------ INPUT ------

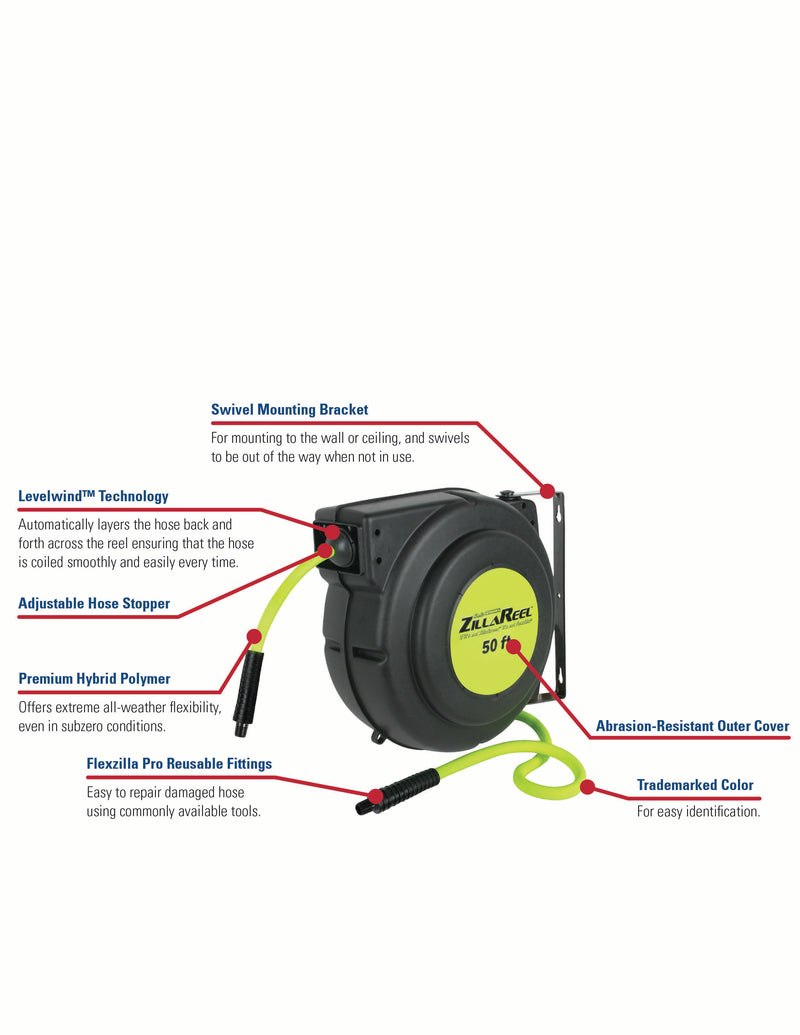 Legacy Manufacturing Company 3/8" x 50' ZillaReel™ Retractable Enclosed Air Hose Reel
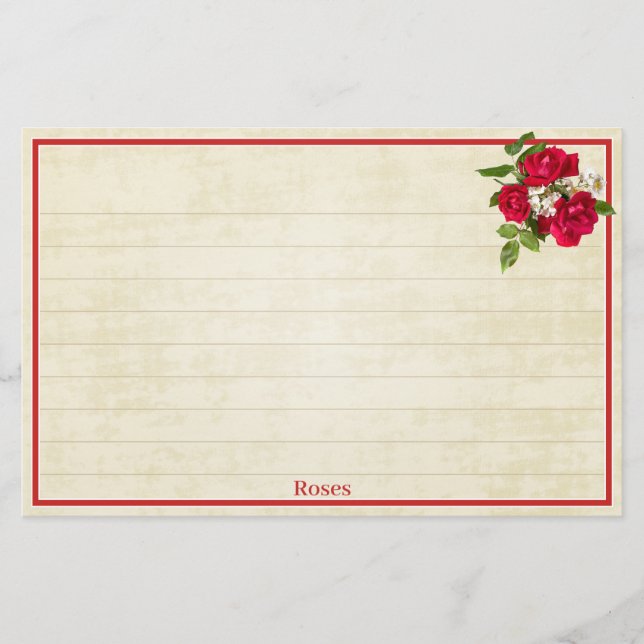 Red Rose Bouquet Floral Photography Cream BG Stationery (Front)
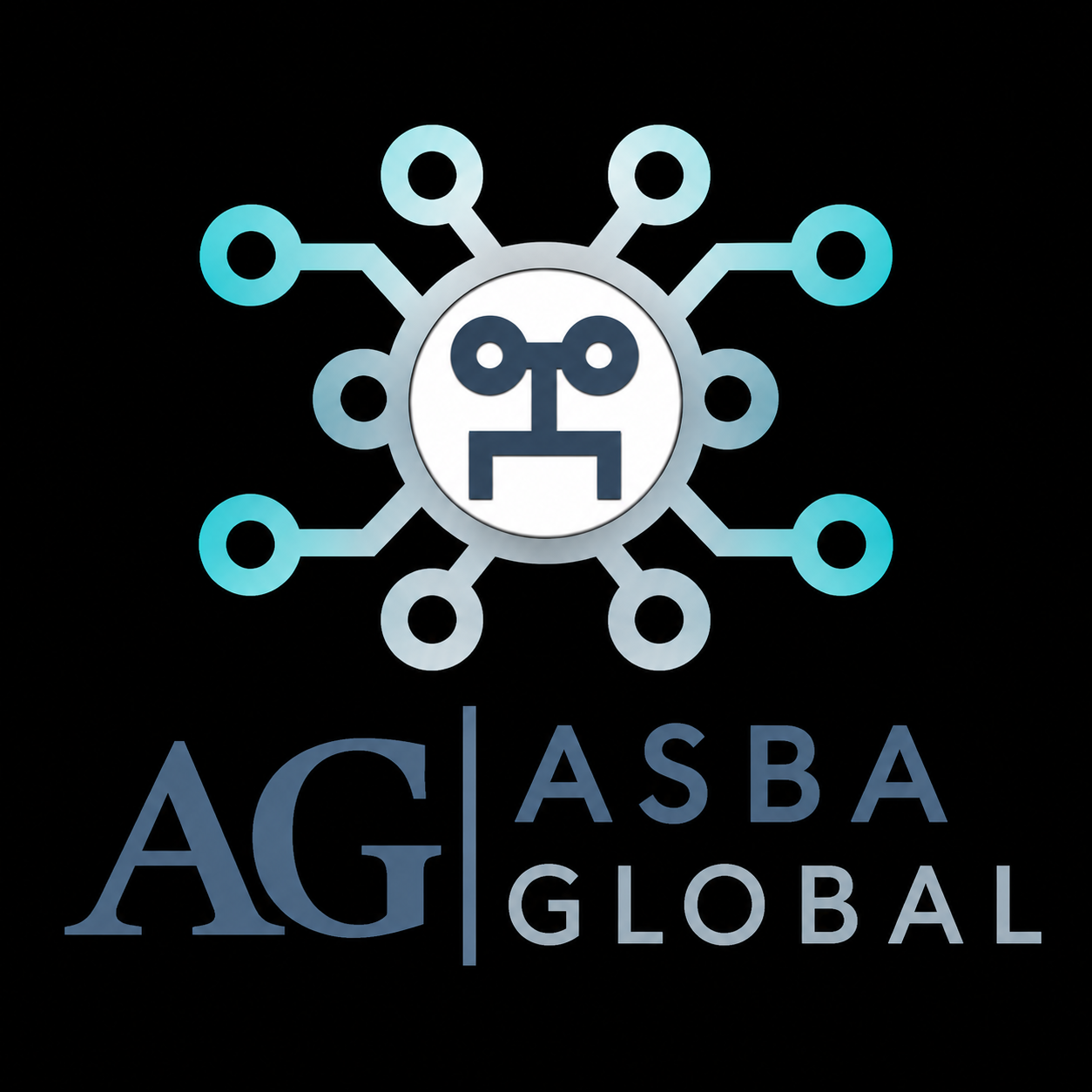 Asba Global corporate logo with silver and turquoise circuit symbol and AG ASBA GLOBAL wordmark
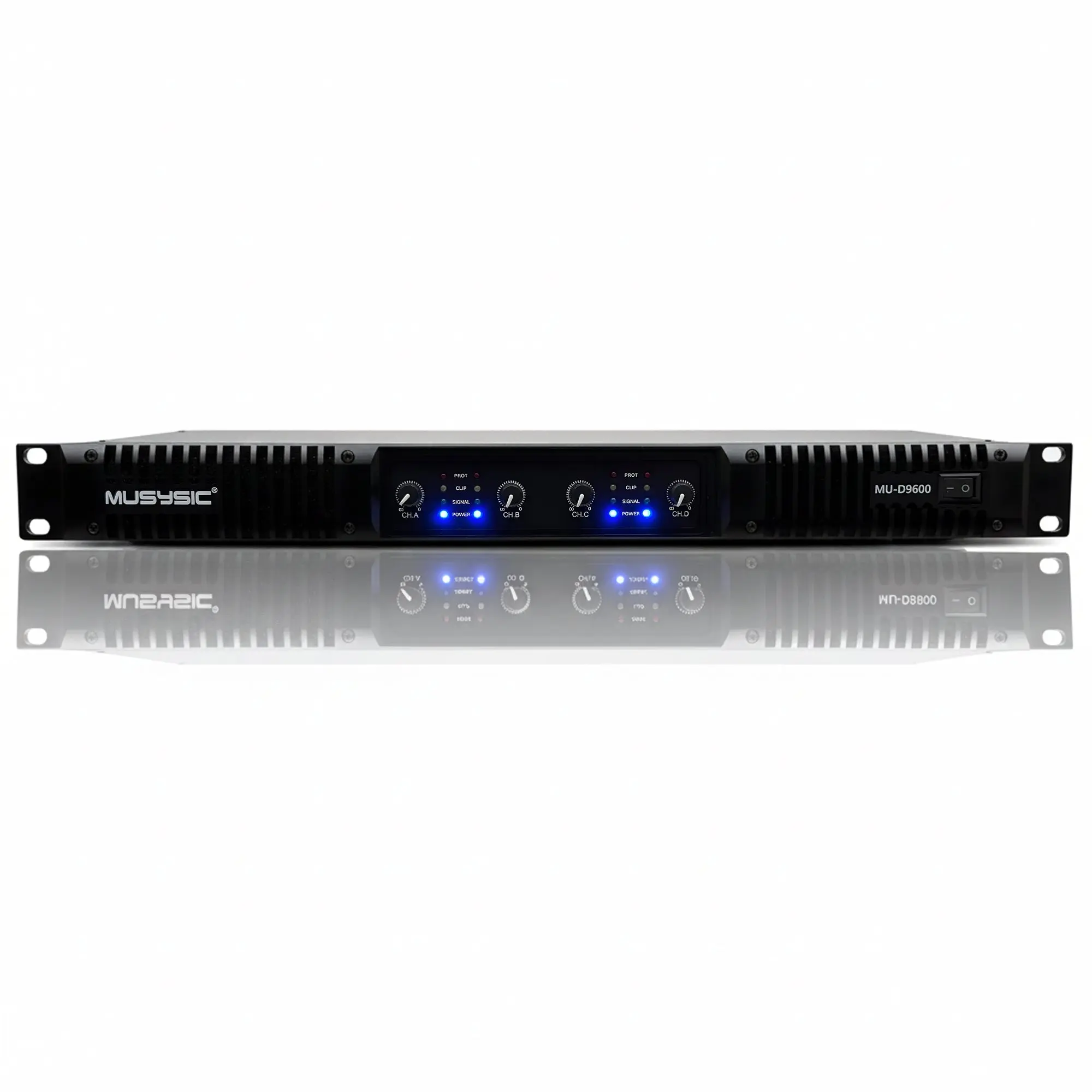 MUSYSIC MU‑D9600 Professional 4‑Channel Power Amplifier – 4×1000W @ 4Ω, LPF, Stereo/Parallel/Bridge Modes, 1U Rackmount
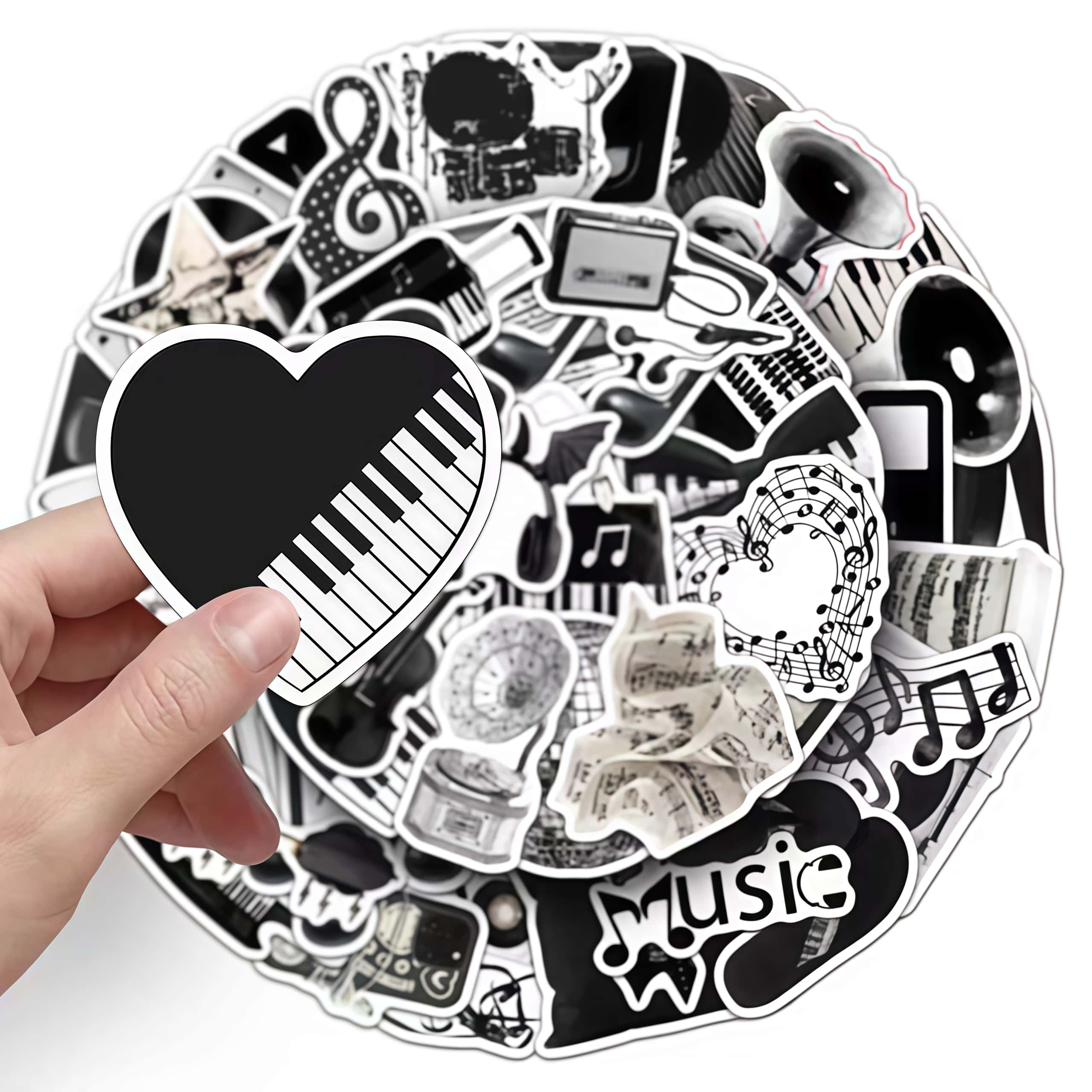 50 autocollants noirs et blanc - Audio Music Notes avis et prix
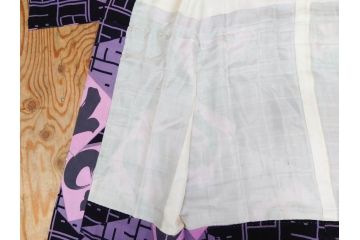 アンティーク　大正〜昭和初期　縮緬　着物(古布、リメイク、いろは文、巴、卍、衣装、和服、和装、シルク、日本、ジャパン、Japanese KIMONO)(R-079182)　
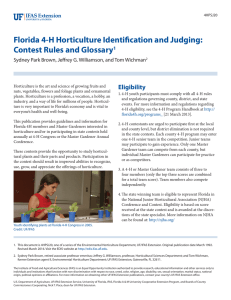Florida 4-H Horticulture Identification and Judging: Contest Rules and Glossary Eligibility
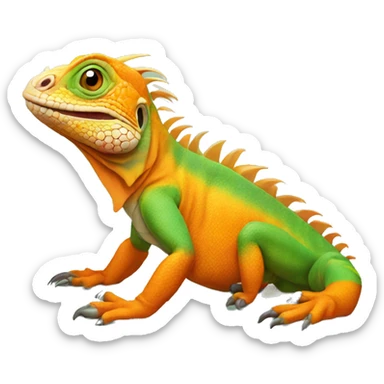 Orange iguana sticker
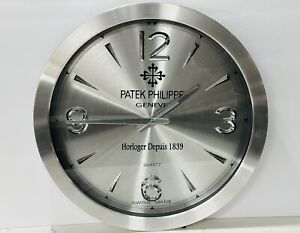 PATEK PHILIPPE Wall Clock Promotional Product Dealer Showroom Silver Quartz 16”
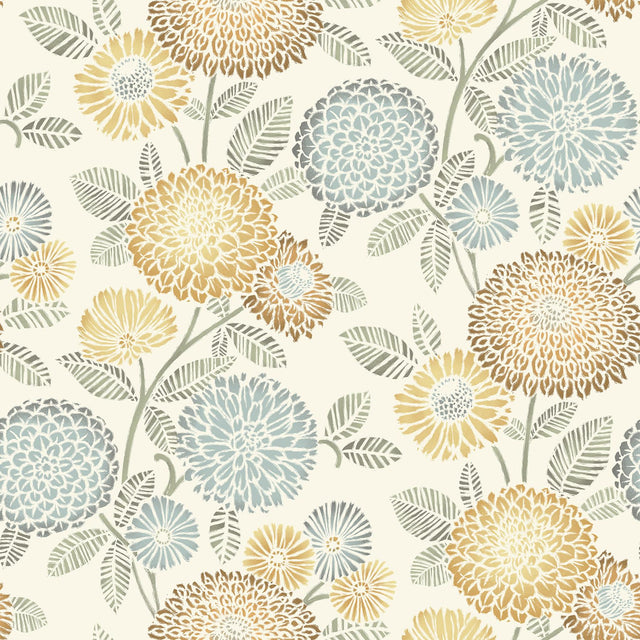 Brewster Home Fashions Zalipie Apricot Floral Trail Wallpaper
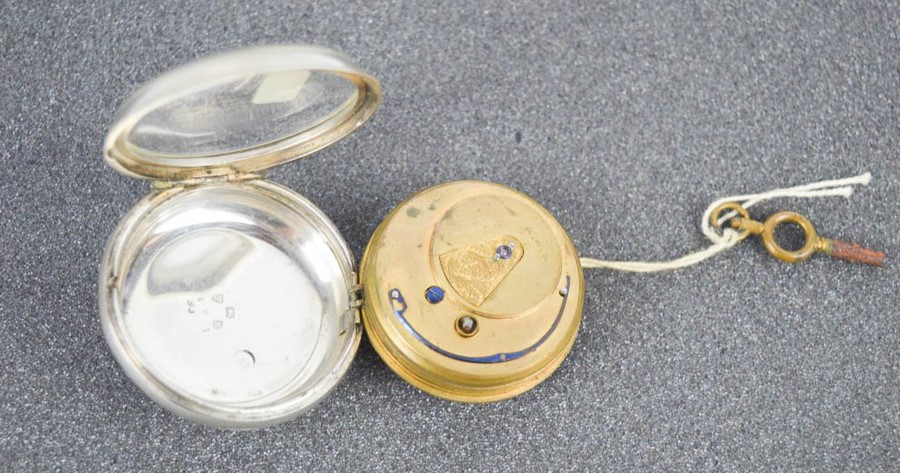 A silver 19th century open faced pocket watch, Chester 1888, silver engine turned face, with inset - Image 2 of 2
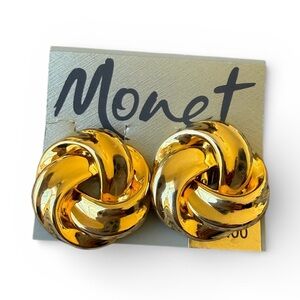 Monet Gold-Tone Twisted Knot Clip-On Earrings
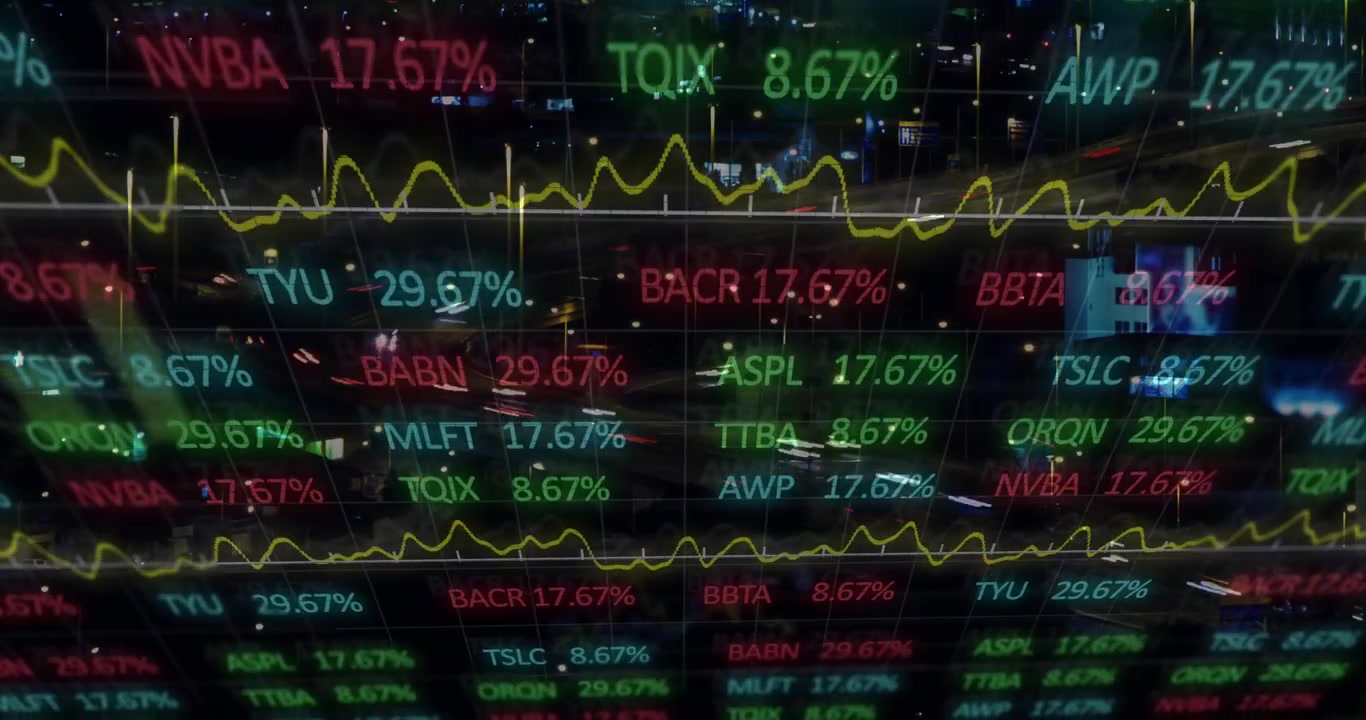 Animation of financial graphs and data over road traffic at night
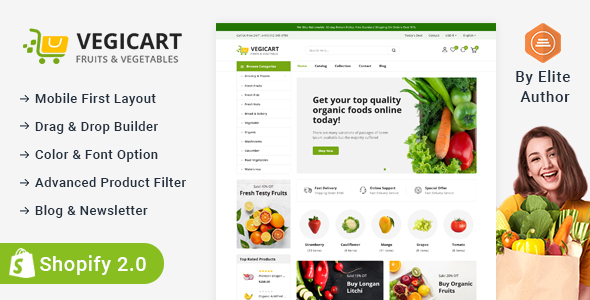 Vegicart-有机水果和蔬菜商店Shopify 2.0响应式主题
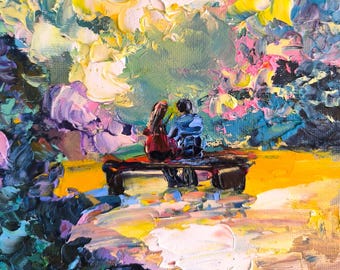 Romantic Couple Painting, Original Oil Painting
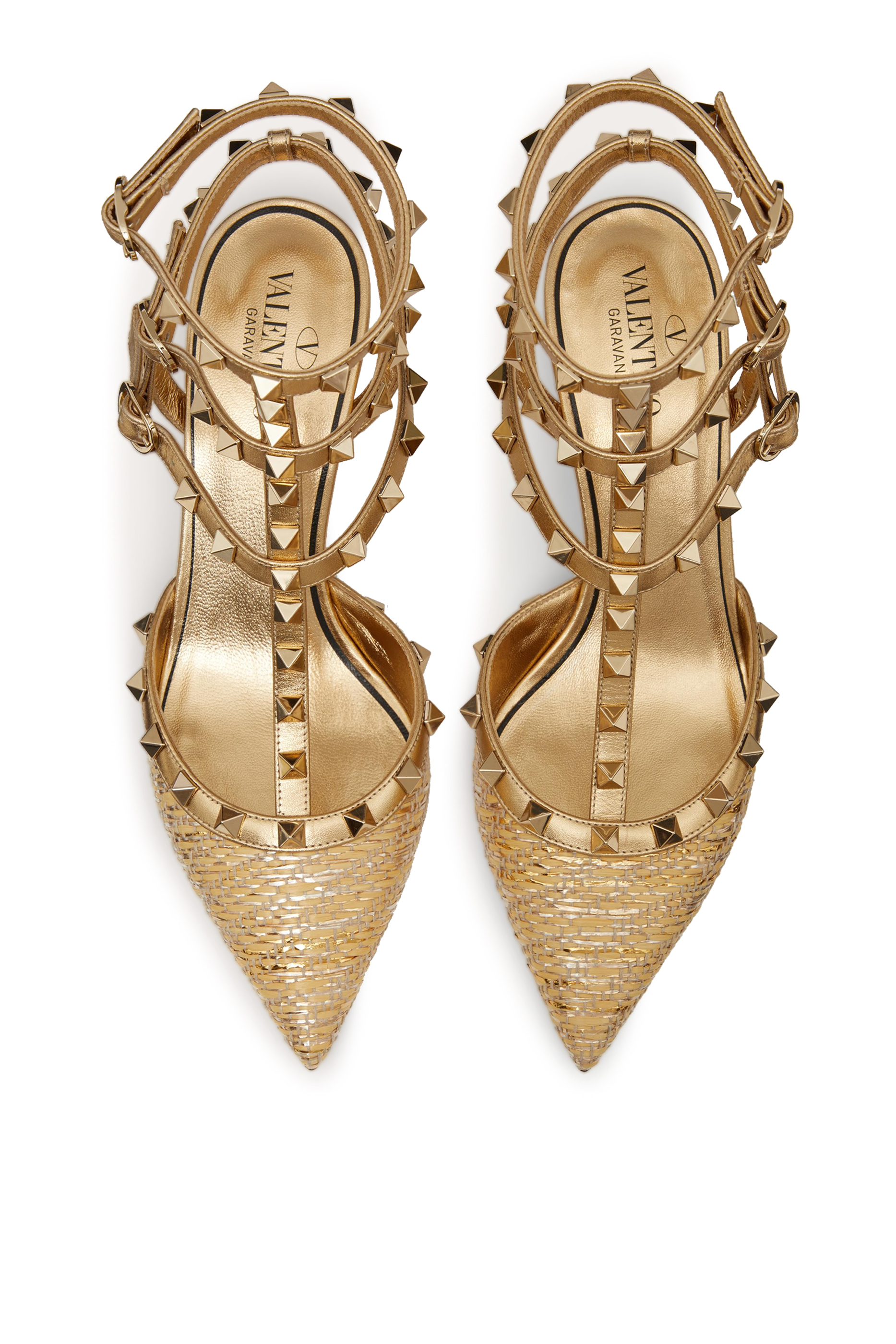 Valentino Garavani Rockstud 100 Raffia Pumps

------

YOUR INSTRUCTIONS: Start with the line above containing "Red Rose Bouquet" and end with the line containing "50 autocollants noirs". Set down that stretch exactly, without any pictures.

EXERCISE ANSWER:
 Red Rose Bouquet Floral Photography Cream BG Stationery (Front)
 Asba Global corporate logo with silver and turquoise circuit symbol and AG ASBA GLOBAL wordmark
 MUSYSIC MU‑D9600 Professional 4‑Channel Power Amplifier – 4×1000W @ 4Ω, LPF, Stereo/Parallel/Bridge Modes, 1U Rackmount
 50 autocollants noirs et blanc - Audio Music Notes avis et prix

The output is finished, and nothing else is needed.